Pensioners are facing tough times after the National Treasury moved to revise the pension payout plan downwards by more than 17.5 billion shillings.
The revision of pension payout downwards is set to hit hard on retirees who are already struggling with the effects of Covid-19 as well as tough economic times.
The government has also been accused of delaying to release the pension payout to beneficiaries on several occasions despite President Uhuru Kenyatta giving an order of priority to them.
The National Treasury had budgeted for 104.89 billion shillings as pension payout but revised it downwards to 86.99 billion shillings.

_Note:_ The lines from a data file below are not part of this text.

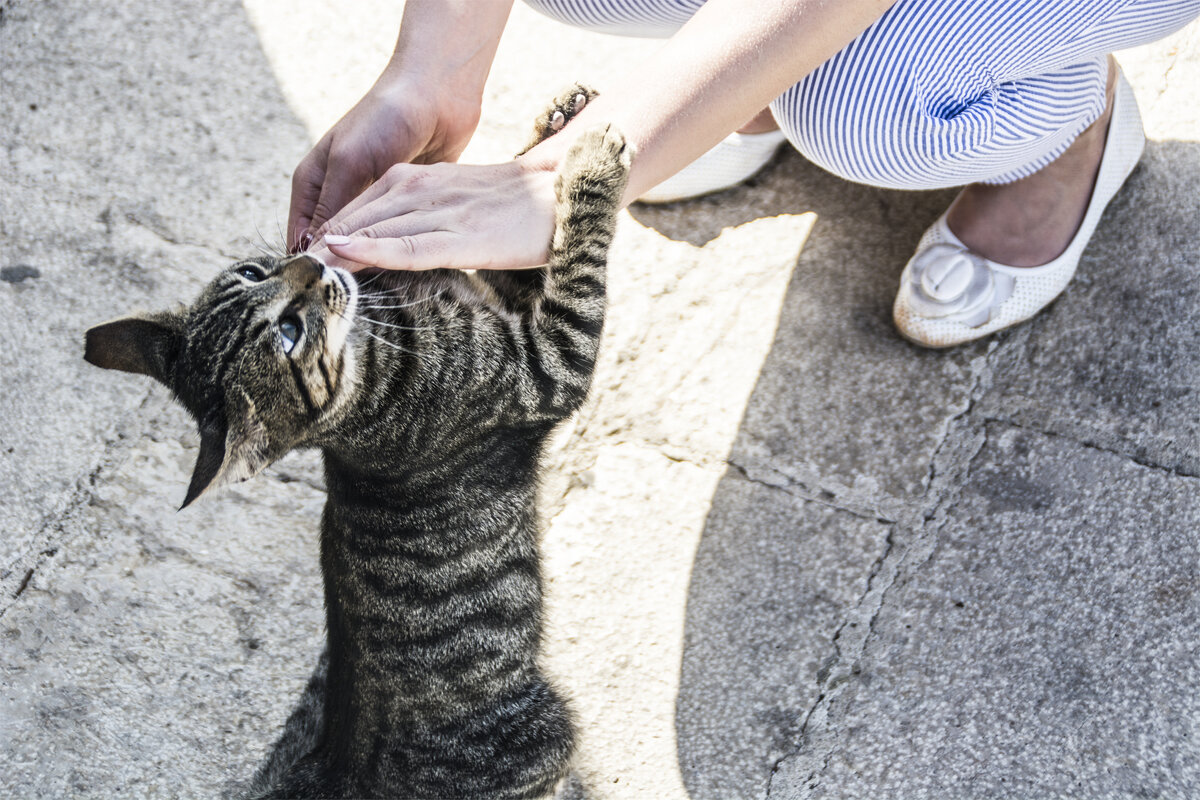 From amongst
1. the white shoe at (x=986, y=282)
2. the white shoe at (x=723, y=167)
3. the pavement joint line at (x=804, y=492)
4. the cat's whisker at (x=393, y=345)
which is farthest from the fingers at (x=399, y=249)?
the white shoe at (x=986, y=282)

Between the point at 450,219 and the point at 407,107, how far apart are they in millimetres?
479

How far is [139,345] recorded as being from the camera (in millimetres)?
1796

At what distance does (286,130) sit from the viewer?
290cm

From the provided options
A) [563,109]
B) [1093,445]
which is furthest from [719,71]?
[1093,445]

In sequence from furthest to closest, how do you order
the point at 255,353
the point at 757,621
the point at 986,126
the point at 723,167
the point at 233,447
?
the point at 723,167
the point at 757,621
the point at 986,126
the point at 255,353
the point at 233,447

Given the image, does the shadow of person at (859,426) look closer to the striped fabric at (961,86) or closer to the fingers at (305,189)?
the striped fabric at (961,86)

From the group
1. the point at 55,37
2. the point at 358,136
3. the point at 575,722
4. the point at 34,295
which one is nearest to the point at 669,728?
the point at 575,722

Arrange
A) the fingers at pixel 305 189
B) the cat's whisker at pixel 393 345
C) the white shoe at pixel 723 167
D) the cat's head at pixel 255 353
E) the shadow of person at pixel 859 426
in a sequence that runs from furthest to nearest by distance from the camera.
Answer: the white shoe at pixel 723 167 → the shadow of person at pixel 859 426 → the fingers at pixel 305 189 → the cat's whisker at pixel 393 345 → the cat's head at pixel 255 353

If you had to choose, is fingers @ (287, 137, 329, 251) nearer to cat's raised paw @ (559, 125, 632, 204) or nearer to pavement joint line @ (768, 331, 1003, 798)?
cat's raised paw @ (559, 125, 632, 204)

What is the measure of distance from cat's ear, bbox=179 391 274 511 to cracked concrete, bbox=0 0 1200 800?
64 cm

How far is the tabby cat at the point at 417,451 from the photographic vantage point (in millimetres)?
1752

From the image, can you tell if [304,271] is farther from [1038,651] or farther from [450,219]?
[1038,651]

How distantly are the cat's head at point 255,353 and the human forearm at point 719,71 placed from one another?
0.62 m

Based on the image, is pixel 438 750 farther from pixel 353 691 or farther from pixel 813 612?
pixel 813 612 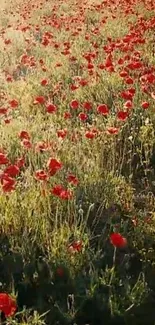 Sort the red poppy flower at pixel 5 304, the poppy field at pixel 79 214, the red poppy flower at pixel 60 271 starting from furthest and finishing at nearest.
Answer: the red poppy flower at pixel 60 271 → the poppy field at pixel 79 214 → the red poppy flower at pixel 5 304

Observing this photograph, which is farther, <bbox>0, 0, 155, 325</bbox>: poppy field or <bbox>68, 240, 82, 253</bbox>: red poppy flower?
<bbox>68, 240, 82, 253</bbox>: red poppy flower

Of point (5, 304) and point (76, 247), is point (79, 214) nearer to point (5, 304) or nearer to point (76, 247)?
point (76, 247)

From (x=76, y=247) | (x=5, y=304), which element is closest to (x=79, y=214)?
(x=76, y=247)

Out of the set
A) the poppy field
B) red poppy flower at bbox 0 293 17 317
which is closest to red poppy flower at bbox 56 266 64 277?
the poppy field

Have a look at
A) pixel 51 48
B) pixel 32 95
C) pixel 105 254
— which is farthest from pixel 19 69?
pixel 105 254

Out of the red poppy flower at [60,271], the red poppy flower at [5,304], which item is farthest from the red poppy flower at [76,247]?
the red poppy flower at [5,304]

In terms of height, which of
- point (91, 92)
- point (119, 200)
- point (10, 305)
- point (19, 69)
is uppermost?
point (19, 69)

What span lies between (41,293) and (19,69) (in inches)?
195

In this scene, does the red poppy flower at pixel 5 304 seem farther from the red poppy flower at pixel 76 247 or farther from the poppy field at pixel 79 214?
the red poppy flower at pixel 76 247

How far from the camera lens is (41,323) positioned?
2479 mm

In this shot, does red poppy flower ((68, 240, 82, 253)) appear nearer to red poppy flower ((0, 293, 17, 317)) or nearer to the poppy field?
the poppy field

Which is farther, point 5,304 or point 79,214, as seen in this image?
point 79,214

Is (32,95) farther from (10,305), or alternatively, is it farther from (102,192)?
(10,305)

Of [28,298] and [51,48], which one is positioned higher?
[51,48] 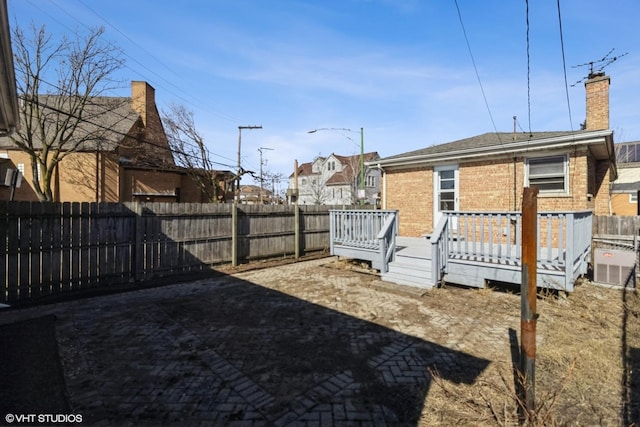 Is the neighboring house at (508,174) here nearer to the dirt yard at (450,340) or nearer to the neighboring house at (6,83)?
the dirt yard at (450,340)

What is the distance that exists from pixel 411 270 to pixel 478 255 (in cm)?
147

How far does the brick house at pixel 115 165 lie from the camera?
17.0m

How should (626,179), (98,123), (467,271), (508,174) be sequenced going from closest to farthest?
(467,271), (508,174), (98,123), (626,179)

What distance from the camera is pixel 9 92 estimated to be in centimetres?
330

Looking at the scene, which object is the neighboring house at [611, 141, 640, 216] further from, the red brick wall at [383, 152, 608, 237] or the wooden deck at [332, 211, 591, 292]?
the wooden deck at [332, 211, 591, 292]

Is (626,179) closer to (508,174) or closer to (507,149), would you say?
(508,174)

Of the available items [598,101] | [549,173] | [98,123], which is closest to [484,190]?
[549,173]

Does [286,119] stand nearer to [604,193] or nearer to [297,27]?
[297,27]

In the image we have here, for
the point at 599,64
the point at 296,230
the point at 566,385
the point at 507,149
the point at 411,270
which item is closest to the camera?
the point at 566,385

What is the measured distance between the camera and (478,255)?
6469 millimetres

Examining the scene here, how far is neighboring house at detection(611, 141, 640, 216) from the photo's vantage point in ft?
66.8

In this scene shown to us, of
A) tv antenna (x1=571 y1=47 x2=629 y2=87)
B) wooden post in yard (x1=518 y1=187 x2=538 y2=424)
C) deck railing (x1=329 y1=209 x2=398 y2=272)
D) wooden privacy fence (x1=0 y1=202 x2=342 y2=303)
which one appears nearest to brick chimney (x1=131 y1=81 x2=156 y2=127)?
wooden privacy fence (x1=0 y1=202 x2=342 y2=303)

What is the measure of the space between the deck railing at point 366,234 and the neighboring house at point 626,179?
55.1 feet

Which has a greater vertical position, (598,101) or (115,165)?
(598,101) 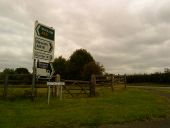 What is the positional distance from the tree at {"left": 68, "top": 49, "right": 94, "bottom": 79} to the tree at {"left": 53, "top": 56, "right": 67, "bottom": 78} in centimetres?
136

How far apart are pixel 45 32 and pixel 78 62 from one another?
7047cm

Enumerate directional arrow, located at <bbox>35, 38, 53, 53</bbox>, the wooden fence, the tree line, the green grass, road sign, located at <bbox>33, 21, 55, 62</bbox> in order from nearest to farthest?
the green grass < road sign, located at <bbox>33, 21, 55, 62</bbox> < directional arrow, located at <bbox>35, 38, 53, 53</bbox> < the wooden fence < the tree line

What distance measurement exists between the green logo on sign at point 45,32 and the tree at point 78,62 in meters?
64.5

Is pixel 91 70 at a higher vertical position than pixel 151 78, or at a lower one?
higher

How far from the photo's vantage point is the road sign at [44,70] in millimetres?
19328

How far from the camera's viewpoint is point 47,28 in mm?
20344

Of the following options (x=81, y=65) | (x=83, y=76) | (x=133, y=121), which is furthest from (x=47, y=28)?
(x=81, y=65)

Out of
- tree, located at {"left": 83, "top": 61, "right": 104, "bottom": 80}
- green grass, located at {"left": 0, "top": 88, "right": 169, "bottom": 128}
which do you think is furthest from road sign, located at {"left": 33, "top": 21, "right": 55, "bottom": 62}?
tree, located at {"left": 83, "top": 61, "right": 104, "bottom": 80}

The government has raised concerns over the increasing financial burden occasioned by too many pensioners. Between July 2019 and April 2020, the government used 71.84 billion shillings, a rise of 36.44 percent to pay retirees.
Civil servants, unlike those from the private sector, do not contribute towards their pension. Their payment is taken directly from the taxes and has to be paid out monthly to individual beneficiaries.
With stats indicating that the majority of civil servants are aged and might be retiring in the next few years, the government will be forced to dig deeper to meet the financial demand, a move that might lead to an increase in taxes.
At the same time, the National Treasury has proposed the taxing of pension paid out to retirees as it moves to preserve cash for an economy that seems mutilated by the pandemic. The proposal to tax pension is set to be presented in parliament when the National Assembly resumes sittings.
In order to take care of the vulnerable, especially the senior citizens, President Uhuru Kenyatta announced the release of 8.5 billion shillings under the Inua Jamii program. The cash was since released though there have been claims of some of being looted.
As the government thinks of opening up the economy, only time will tell the extent of the wound.